Unglücklich war Bastian, als er eine Schule für Hochbegabte in Basel besuchte. Das funktionierte überhaupt nicht, er fühlte sich nicht angenommen und unterfordert. Dort, sagt Renate Eichenberger, seien zu viele Kinder gewesen, die fälschlicherweise als hochbegabt eingestuft worden seien. Eine Zeit lang habe ihr Sohn sogar Suizidgedanken gehabt. Auch in ihrem Buch thematisiert sie diese problematische Phase recht offen.

Bastian und seine Familie werden immer wieder mal angefeindet. Er vermisst oft die Akzeptanz, dass er anders ist. Auch mit Behörden habe die Familie schlechte Erfahrungen gemacht. Die Frage, ob seine Hochbegabung Segen oder Fluch sei, beantwortet Bastian, ohne zu zögern: "Es ist mehr Fluch als Segen." Offenkundig hat er oft darunter gelitten. Die häufig gestellte Frage nach dem IQ ihres Sohnes möchte die Mutter nicht beantworten. Ein heikles Thema sei das. "Das sind drei Ziffern, die nichts über den Menschen aussagen." Dass er hier als Student an der Uni sei, sei doch Beweis genug.

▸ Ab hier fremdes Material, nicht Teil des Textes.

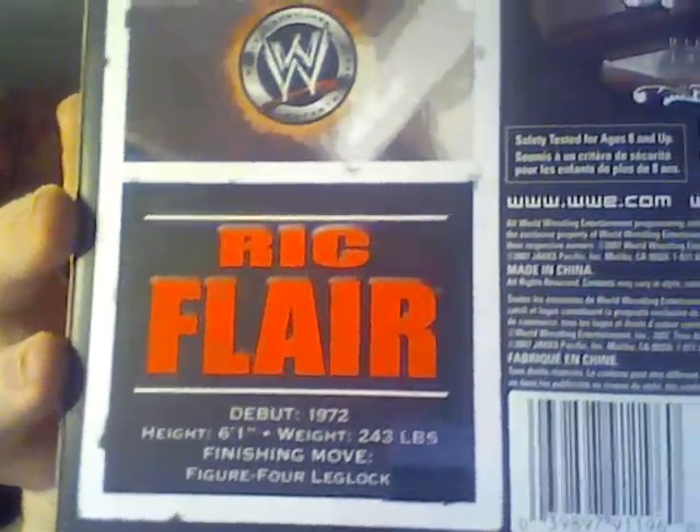Ric Flair, Unmatched Fury figure. Blue trunks that say Nature Boy. His hair used to be blonde and it used to be long. There's a figure scan — if you want to read that, please pause the video.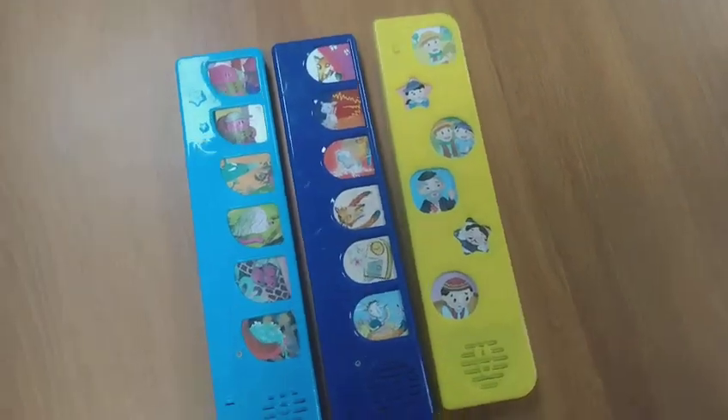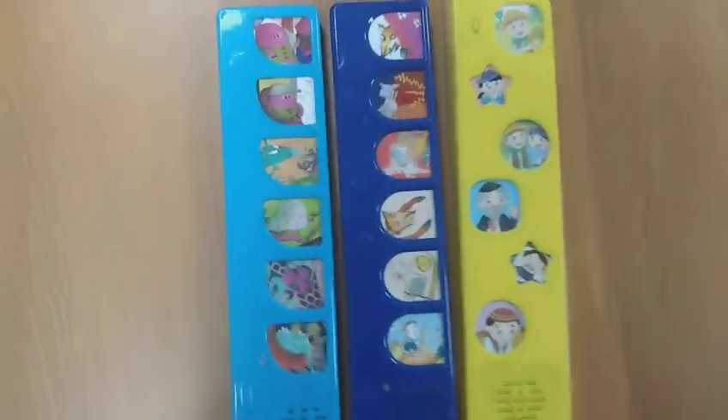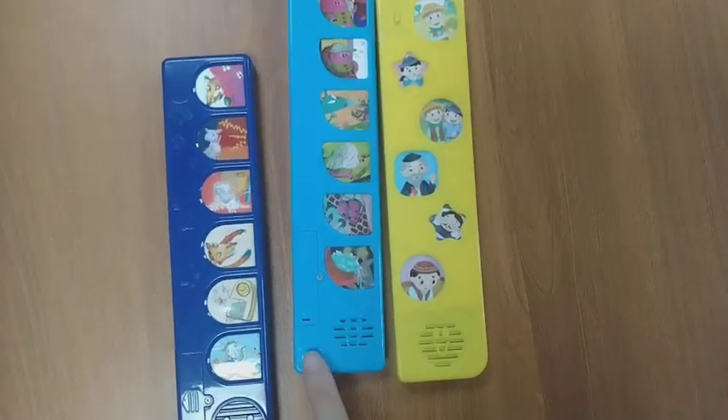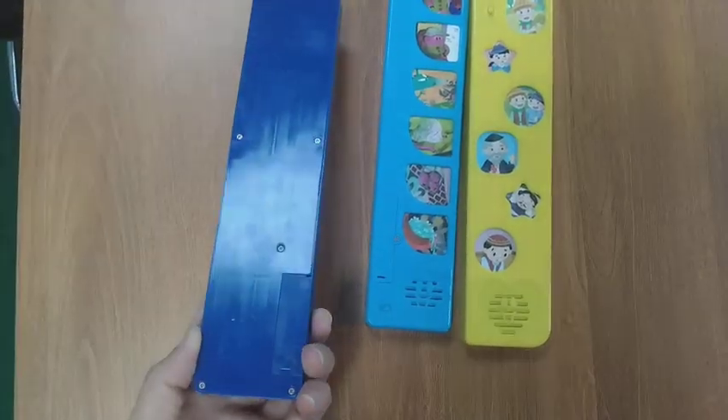These are factory existing mode 6-button sound modules. For all the existing mode sound modules, these tools have an on and off switch, but this item is without the on and off switch.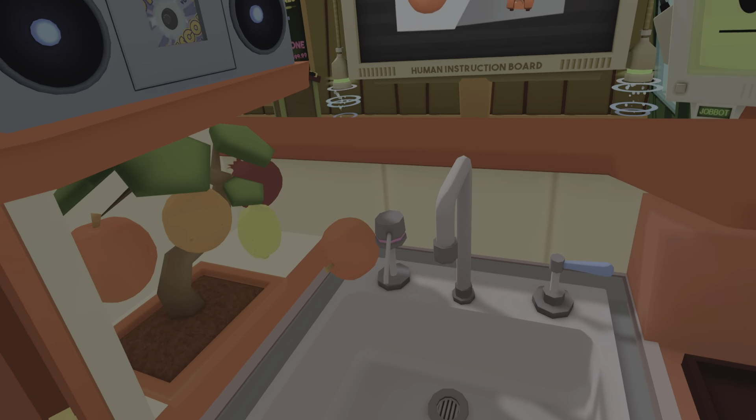Hey human, check this out — I found this rare turbo ghost death nova pepper. Can you prepare it for me? I like it hot. Come on, put some heat into it. That's not hot enough, can't you do something else?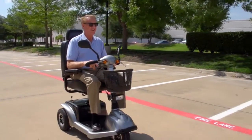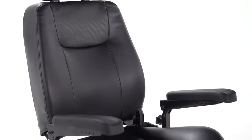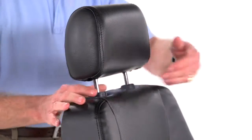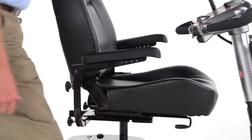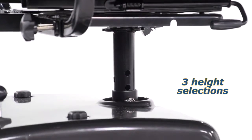Along with great performance, the Prowler offers superior comfort. The full-back captain's seat is available in either 20 or 22-inch widths with an adjustable height headrest. The seat can be adjusted forward or backward for the ideal driving location, and it offers three height selections to suit users of nearly any height.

Sechs Sprachen spricht das Wunderkind fließend

Neun Sprachen spricht Bastian, sechs davon fließend. Spricht’s und zählt sie auf: Deutsch, Englisch, Französisch, Spanisch, Italienisch und Chinesisch. Er ist Ministrant und bei der Jugendfeuerwehr, macht Judo, spielt Golf, Tennis und Klavier; er schaut gerne Wissenssendungen – und er kocht gerne. Jetzt erfüllt sich Bastian einen großen Wunsch: Er studiert Chemie, später will er mal in der Medikamentenforschung arbeiten – "damit ich Menschen helfen kann, zum Beispiel im Kampf gegen Krebs oder Ebola". Warum an der Uni Freiburg? "Ich wollte im Ausland studieren." Wohnen kann er weiterhin daheim in Oberwil im Kanton Baselland. "Bastian ist aber schon lange sehr selbstständig", sagt seine Mutter.

Die ersten Vorlesungen seien sehr interessant gewesen, sagt Bastian. Ihm gefällt, dass der Stoff schnell durchgegangen wird. Allerdings gibt es gewisse Chemikalien, die er als Minderjähriger nicht benutzen darf. Kein Problem, findet Studiendekan Friedrich, man könne auch mit Wasser Spannendes machen. Dass seine Kommilitonen älter sind, mache ihm nichts aus, sagt Bastian. Seine Mutter hofft, dass er akzeptiert wird im neuen Umfeld. "Ich will ihn glücklich sehen."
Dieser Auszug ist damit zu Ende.